EXERCISE INSTRUCTIONS:
Since only the words are wanted, reproduce every entry exactly and leave the images behind.

INPUT DATA:
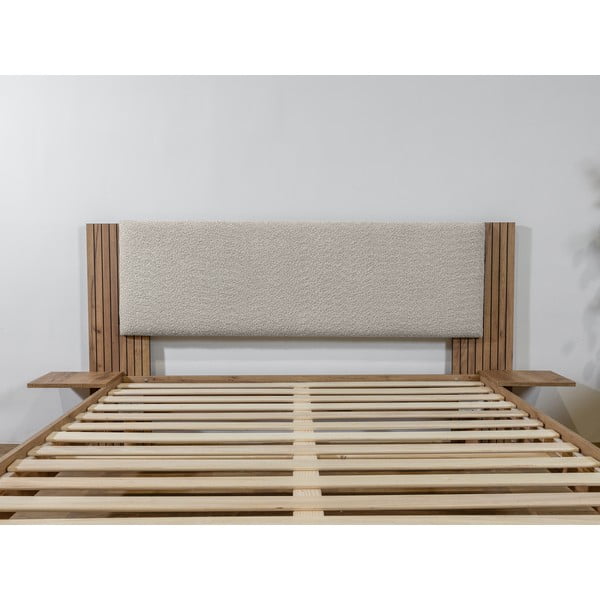 Letto matrimoniale in grigio chiaro con rete inclusa 140x190 cm Lior – Bobochic Paris-image-3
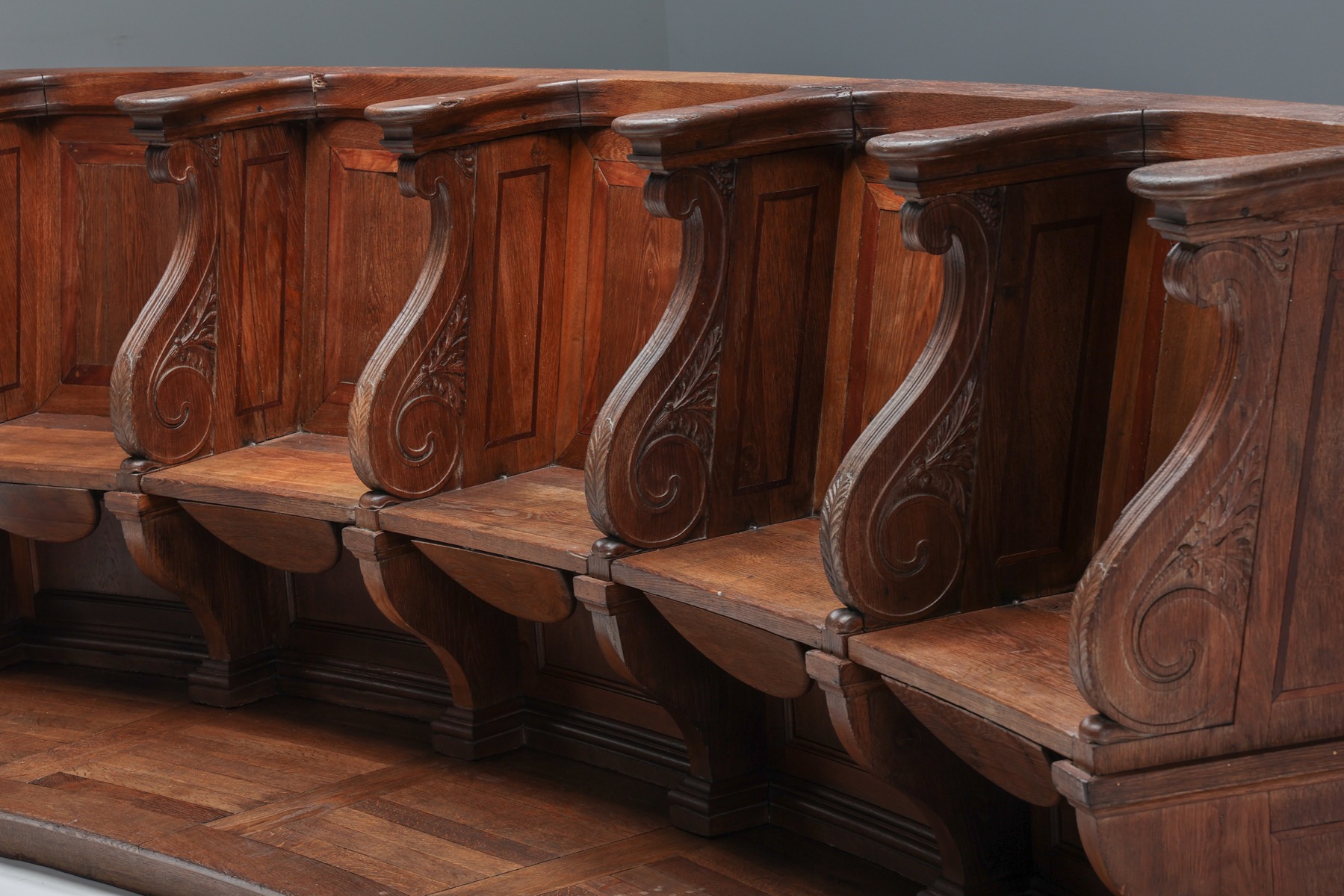Antique Belgian oak church benches from the eighteenth century
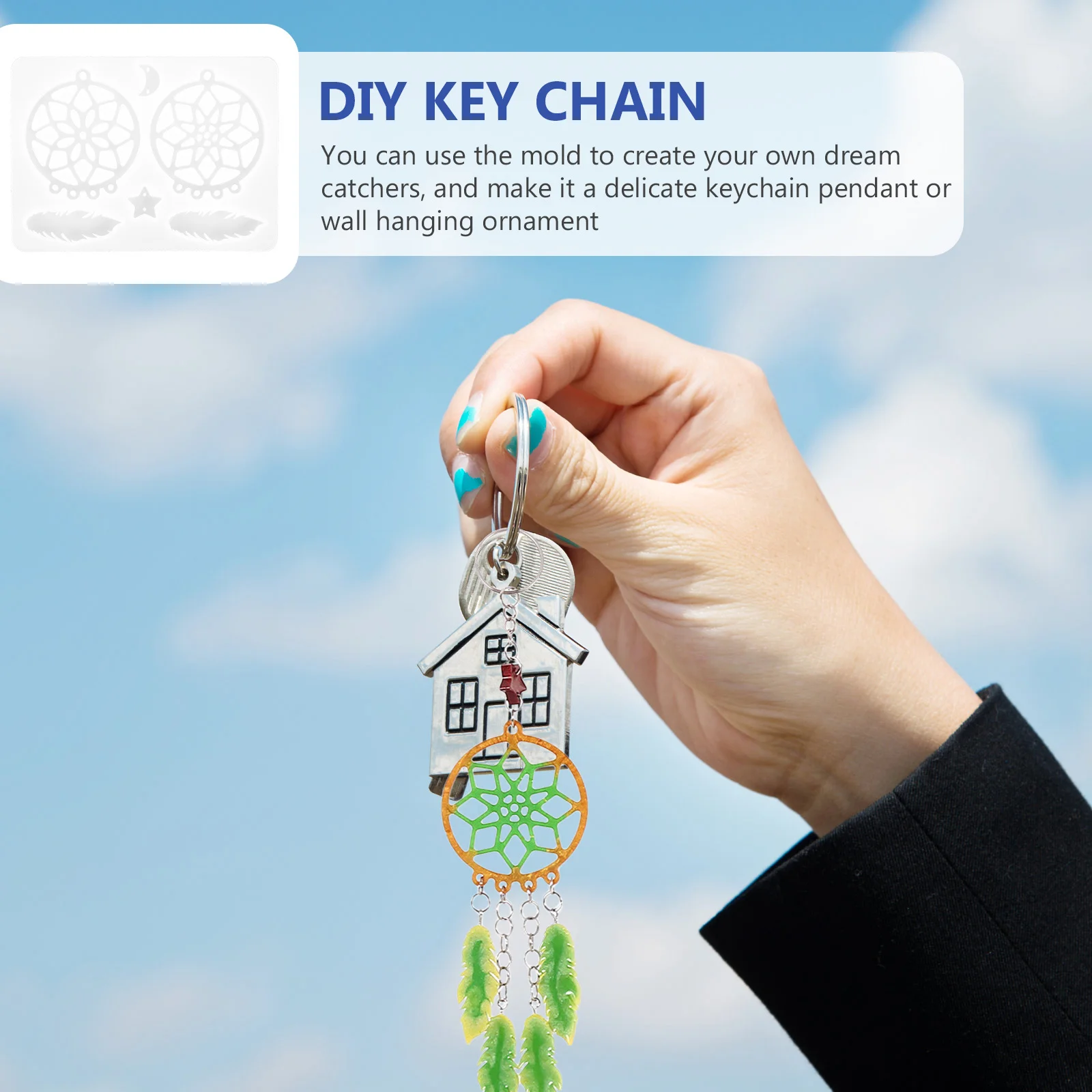 

2Pcs DIY Dream Catcher Mold Silicone Casting Mold for Unique Handmade Ornaments Washable Reusable Craft Tool for and Adults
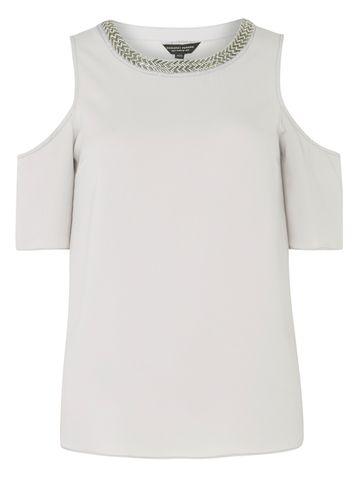 Dorothy Perkins Silver Embellished Cold Shoulder Top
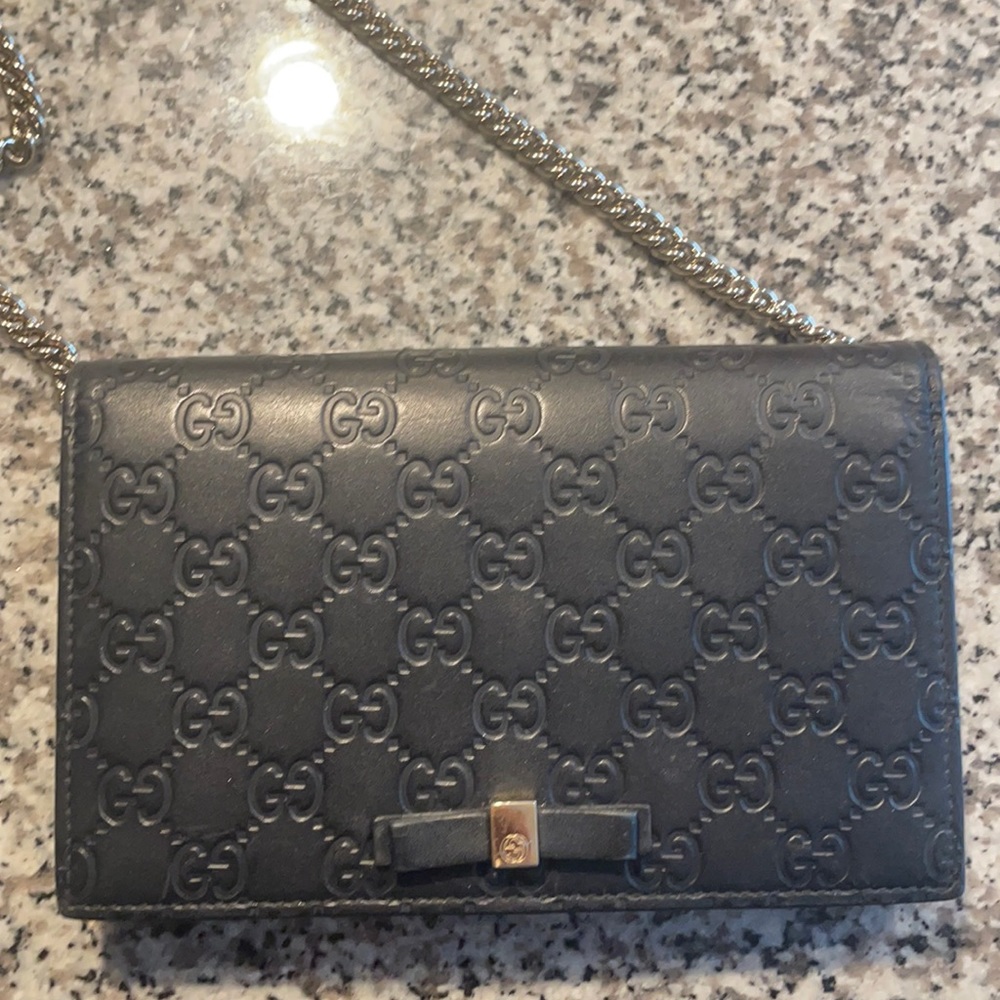 Authentic Gucci Guccisima Wallet On Chain Crossbody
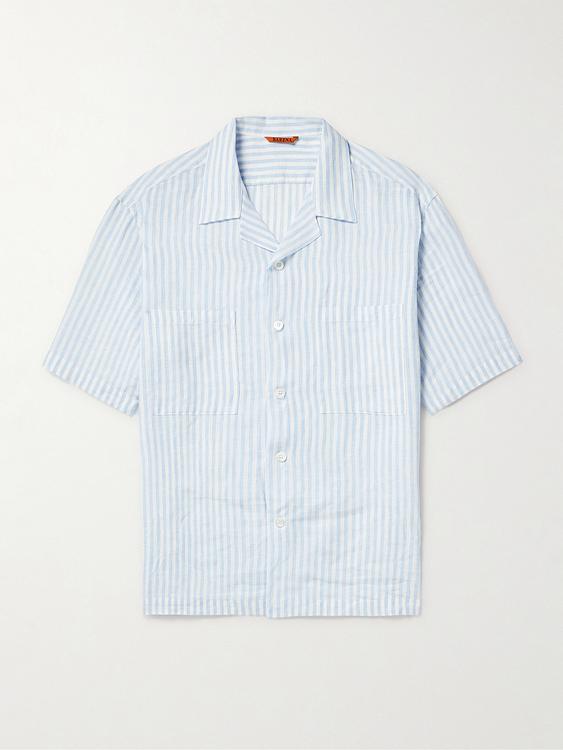 Striped white short sleeve polo shirt from Barena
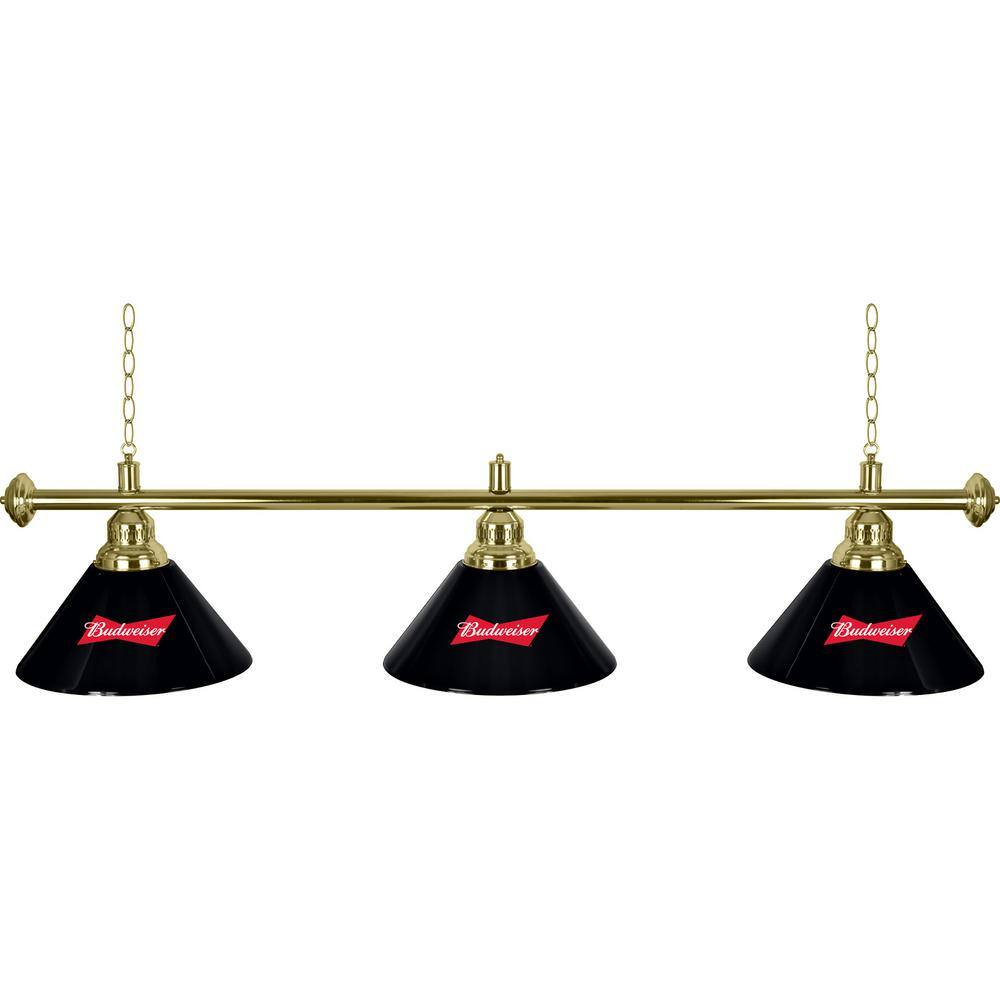 Budweiser Bow Tie 3-Light Black Billiard Light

RESPONSE:
 Letto matrimoniale in grigio chiaro con rete inclusa 140x190 cm Lior – Bobochic Paris-image-3
Antique Belgian oak church benches from the eighteenth century

2Pcs DIY Dream Catcher Mold Silicone Casting Mold for Unique Handmade Ornaments Washable Reusable Craft Tool for and Adults
 Dorothy Perkins Silver Embellished Cold Shoulder Top
 Authentic Gucci Guccisima Wallet On Chain Crossbody
 Striped white short sleeve polo shirt from Barena
 Budweiser Bow Tie 3-Light Black Billiard Light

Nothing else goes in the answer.